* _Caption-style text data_
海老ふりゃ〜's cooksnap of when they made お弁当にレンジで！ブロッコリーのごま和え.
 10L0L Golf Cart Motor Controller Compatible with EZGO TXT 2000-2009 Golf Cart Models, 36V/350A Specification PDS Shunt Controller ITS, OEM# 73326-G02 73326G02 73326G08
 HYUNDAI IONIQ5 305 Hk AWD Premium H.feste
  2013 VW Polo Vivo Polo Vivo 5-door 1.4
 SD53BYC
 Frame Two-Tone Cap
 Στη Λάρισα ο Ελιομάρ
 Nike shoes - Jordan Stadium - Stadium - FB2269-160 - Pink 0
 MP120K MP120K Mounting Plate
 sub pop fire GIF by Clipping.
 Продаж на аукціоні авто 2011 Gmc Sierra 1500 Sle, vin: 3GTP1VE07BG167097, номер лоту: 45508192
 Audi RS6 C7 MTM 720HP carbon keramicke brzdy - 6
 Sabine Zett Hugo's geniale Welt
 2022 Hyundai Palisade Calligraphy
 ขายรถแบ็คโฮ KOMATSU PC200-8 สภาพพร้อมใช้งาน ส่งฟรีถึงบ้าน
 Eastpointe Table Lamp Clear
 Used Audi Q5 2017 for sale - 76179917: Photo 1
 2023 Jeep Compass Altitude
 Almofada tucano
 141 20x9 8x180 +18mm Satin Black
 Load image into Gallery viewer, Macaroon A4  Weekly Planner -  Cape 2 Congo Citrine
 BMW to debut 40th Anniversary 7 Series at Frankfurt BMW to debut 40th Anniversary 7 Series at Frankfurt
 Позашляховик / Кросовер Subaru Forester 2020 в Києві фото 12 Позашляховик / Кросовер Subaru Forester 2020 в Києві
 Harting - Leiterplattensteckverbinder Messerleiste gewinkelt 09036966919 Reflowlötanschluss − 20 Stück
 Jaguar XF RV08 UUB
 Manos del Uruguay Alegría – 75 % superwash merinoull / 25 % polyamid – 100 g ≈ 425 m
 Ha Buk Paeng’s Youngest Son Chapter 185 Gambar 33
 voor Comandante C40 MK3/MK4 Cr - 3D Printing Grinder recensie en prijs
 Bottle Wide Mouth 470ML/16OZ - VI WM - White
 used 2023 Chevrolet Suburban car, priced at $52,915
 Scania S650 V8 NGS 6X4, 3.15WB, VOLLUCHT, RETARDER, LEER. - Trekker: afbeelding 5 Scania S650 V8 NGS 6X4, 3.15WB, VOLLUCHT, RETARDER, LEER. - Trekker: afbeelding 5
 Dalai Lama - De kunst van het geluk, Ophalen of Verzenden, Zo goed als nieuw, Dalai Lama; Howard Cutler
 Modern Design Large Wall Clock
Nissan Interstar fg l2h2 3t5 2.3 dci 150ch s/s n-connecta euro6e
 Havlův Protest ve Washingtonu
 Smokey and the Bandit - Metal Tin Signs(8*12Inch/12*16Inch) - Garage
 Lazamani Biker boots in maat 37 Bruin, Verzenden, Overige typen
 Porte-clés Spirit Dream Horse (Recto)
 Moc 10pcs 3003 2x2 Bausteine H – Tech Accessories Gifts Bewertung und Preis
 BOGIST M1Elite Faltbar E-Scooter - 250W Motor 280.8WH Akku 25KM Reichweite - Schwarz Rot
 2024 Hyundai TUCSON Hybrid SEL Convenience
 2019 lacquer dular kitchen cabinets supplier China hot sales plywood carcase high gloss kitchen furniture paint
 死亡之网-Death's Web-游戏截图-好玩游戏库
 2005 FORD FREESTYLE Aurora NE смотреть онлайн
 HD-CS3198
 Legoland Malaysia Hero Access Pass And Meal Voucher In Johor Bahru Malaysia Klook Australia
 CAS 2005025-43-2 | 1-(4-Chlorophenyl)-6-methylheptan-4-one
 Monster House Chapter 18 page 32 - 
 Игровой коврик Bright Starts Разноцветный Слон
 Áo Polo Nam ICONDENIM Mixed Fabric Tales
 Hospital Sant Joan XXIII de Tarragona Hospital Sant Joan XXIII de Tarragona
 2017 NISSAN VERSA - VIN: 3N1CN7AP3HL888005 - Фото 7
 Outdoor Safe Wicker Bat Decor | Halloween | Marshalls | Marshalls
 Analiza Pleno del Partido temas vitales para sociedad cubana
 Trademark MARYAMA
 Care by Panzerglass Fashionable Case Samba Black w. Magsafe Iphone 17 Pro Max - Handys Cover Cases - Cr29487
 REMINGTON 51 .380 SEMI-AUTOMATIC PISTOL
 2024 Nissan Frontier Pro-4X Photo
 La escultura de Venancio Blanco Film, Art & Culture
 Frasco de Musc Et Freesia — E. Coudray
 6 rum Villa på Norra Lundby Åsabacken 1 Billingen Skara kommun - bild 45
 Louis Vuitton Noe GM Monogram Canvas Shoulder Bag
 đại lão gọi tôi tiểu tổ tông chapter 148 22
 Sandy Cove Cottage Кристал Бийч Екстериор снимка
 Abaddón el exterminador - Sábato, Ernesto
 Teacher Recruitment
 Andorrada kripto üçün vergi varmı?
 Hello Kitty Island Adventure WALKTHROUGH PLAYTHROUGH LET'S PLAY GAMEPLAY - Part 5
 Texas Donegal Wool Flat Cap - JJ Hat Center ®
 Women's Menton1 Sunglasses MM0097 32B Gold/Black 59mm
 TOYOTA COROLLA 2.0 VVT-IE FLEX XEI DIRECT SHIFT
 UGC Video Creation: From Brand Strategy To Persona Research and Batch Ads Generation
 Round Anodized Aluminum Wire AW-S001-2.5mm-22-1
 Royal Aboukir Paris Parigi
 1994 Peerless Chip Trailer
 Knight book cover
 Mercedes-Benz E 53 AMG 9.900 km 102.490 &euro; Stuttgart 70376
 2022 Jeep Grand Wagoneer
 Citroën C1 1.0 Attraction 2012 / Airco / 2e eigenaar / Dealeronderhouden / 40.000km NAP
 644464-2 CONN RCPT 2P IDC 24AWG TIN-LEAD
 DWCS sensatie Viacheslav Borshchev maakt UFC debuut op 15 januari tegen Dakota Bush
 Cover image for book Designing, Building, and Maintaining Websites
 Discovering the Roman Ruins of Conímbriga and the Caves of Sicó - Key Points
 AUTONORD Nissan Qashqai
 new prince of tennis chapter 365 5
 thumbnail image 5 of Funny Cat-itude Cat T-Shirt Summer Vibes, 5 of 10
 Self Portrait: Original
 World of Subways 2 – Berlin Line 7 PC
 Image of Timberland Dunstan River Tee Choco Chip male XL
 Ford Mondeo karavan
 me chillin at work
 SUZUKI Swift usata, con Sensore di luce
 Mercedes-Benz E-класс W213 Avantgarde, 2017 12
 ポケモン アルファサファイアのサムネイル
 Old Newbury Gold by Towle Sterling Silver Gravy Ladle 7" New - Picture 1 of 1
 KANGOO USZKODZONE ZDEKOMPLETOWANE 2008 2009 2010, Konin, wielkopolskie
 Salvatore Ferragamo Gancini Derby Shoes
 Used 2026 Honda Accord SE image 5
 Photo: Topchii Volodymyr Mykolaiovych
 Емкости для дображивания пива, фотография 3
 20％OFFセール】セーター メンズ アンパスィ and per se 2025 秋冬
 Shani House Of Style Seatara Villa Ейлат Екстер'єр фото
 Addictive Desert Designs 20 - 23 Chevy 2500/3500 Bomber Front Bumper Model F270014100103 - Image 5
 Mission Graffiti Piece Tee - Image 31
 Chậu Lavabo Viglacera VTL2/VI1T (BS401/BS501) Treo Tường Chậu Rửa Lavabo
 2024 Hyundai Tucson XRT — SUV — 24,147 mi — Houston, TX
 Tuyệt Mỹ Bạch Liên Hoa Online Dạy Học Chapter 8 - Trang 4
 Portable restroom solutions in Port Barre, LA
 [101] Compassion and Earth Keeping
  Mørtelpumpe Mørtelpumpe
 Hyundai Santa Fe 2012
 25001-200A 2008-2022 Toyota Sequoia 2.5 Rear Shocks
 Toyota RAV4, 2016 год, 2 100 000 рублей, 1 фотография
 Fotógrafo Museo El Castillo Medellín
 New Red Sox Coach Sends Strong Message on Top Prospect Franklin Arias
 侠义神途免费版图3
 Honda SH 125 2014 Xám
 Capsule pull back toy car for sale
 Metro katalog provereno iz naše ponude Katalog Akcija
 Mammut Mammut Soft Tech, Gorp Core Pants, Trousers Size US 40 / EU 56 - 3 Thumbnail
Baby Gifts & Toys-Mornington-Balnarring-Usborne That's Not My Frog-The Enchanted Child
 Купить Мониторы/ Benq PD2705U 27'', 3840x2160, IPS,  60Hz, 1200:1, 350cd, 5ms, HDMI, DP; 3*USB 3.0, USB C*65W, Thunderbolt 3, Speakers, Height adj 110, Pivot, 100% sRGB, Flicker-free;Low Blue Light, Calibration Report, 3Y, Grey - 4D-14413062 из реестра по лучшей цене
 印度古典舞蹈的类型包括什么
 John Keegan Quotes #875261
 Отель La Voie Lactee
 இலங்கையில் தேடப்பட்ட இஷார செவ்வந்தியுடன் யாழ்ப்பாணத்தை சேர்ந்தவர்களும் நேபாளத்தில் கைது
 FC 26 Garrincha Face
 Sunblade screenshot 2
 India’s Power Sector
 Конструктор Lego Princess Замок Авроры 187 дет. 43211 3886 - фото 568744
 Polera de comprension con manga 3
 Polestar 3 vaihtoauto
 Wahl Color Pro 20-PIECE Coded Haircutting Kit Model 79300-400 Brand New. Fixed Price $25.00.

* _Your task_
Pull every line containing "Brand" from the entries above and copy it.

* _Final answer_
 UGC Video Creation: From Brand Strategy To Persona Research and Batch Ads Generation
 Wahl Color Pro 20-PIECE Coded Haircutting Kit Model 79300-400 Brand New. Fixed Price $25.00.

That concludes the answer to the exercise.